§ WHAT YOU SHOULD DO
Please reproduce the lines from the one containing "Doodle construction workers" through the end of the data below exactly as they stand, and omit all pictures.

(Crawled caption data)
------------------------------------------------------------

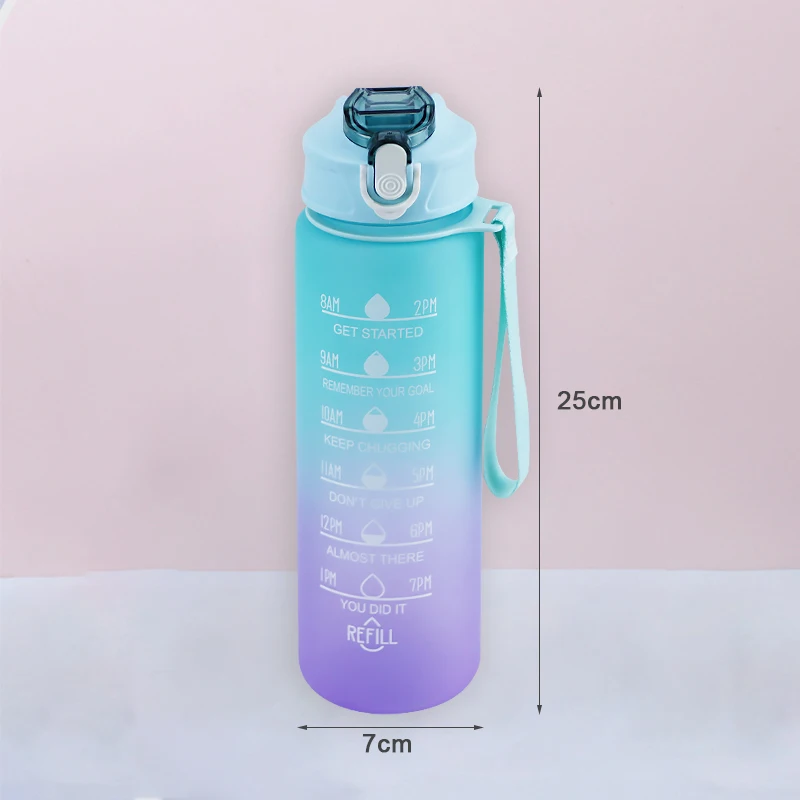 시간 마커가있는 900ML 스포츠 물병 누출 방지 컵 야외 스포츠 피트니스 BPA 무료를위한 동기 부여 휴대용 물병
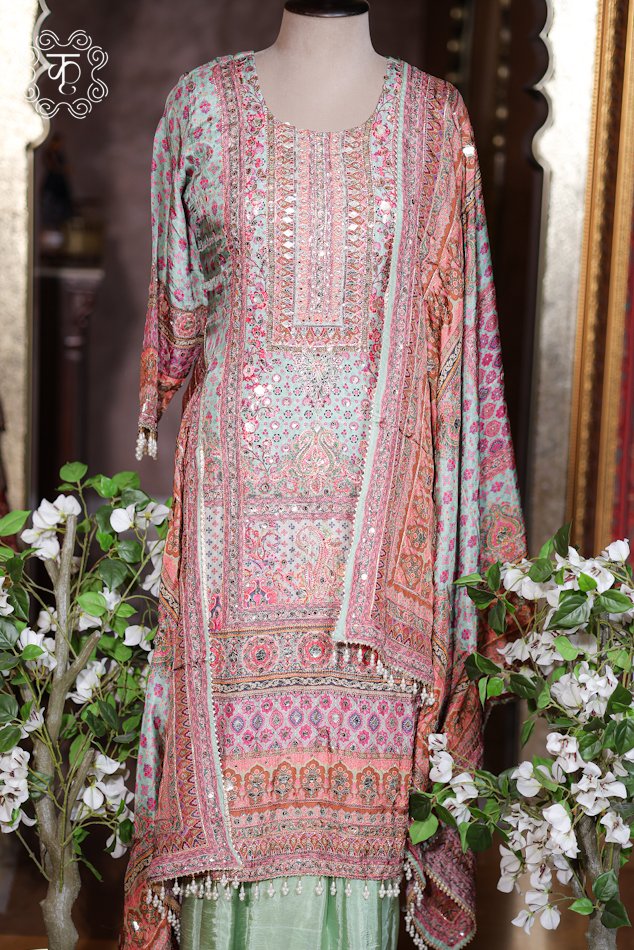 Sea Green Mirror Work Designer Sharara Suit Set - Image 5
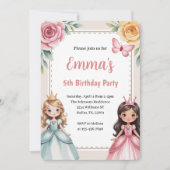 Invitation Cute Princess 5th Birthday Party (Devant)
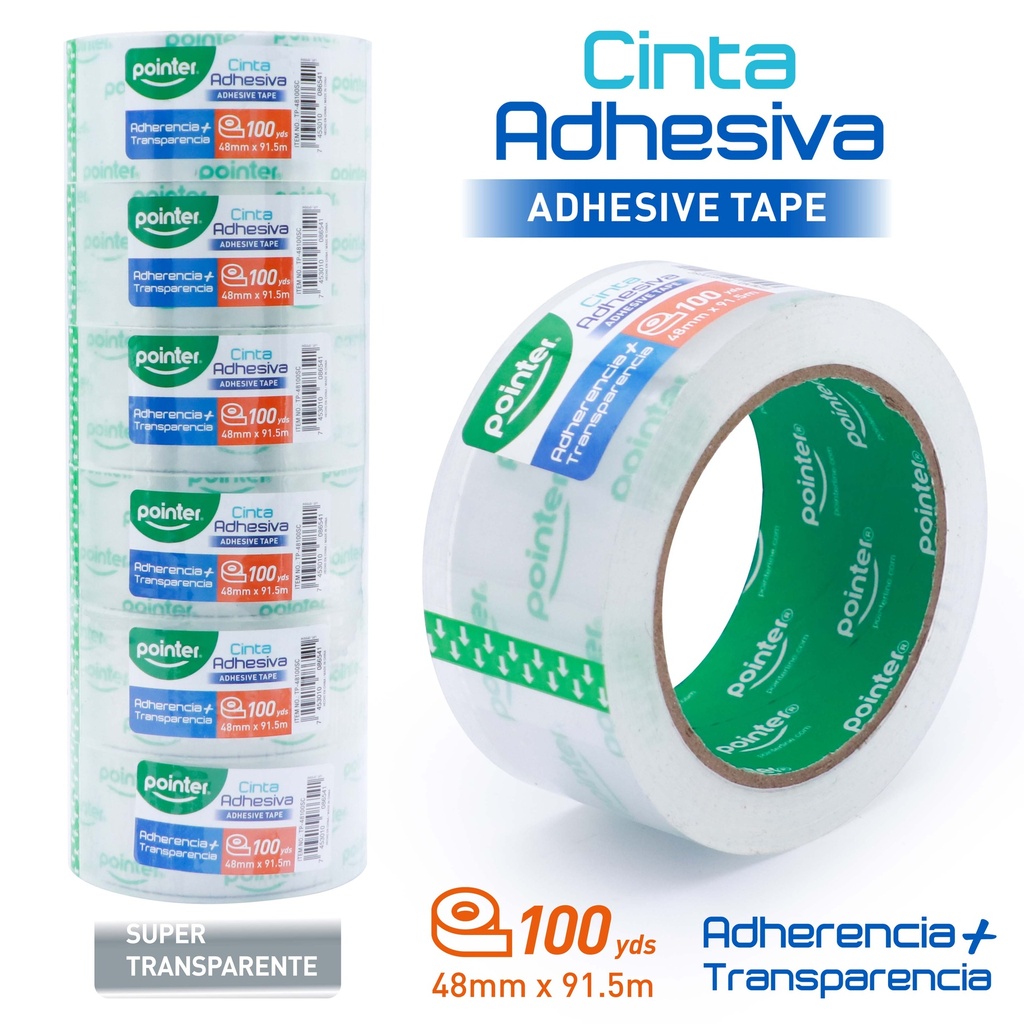 CINTA ADHESIVA DE EMPAQUE (SÚPER TRANSPARENTE) - 4,8Cm x 91,5Mts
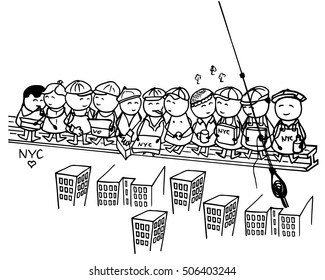 Doodle construction workers lunching on girder. The builders of skyscrapers in New York. Vector illustration.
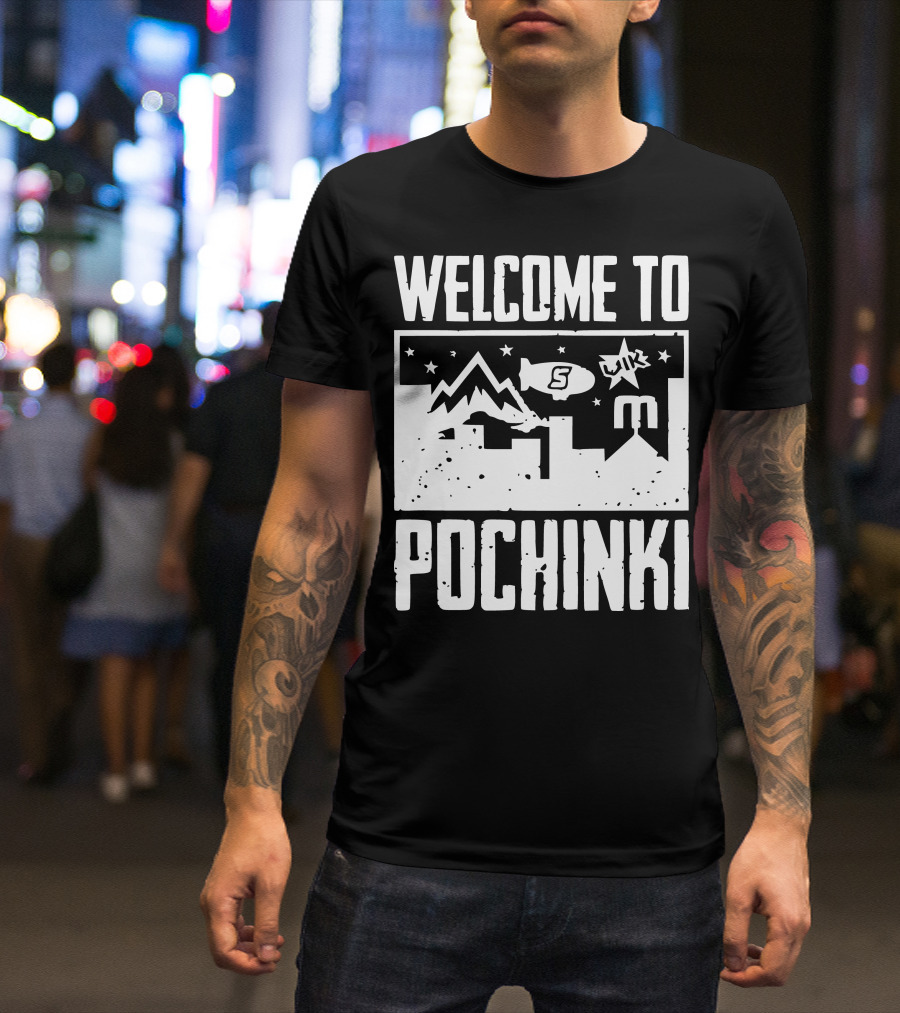 Welcome To Pochinki Skyline Stars Mountain Blimp T-Shirt
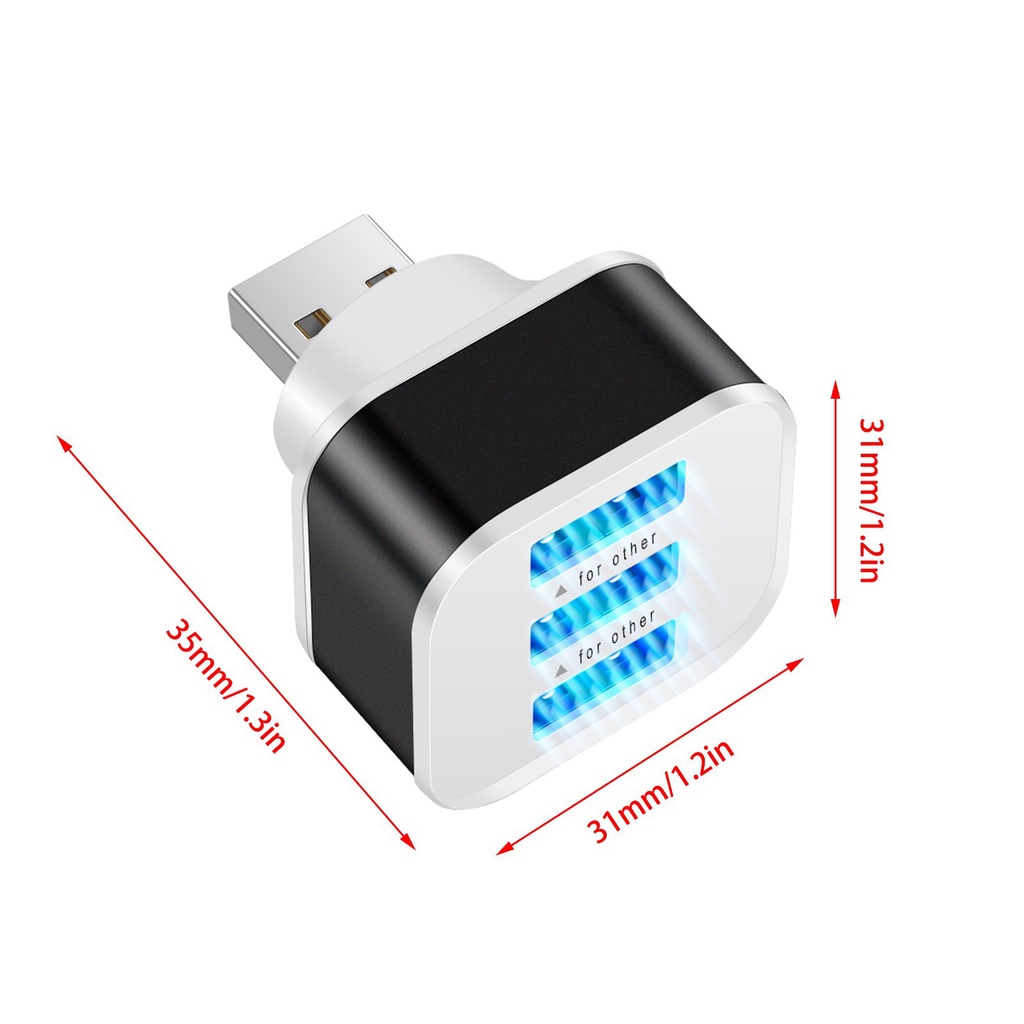 Bộ Chia 3 Cổng Sạc USB 2.0 3 Trong 1 Cho Điện Thoại / Máy Tính Bảng / Laptop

------------------------------------------------------------

§ SOLUTION BELOW
 Doodle construction workers lunching on girder. The builders of skyscrapers in New York. Vector illustration.
 Welcome To Pochinki Skyline Stars Mountain Blimp T-Shirt
 Bộ Chia 3 Cổng Sạc USB 2.0 3 Trong 1 Cho Điện Thoại / Máy Tính Bảng / Laptop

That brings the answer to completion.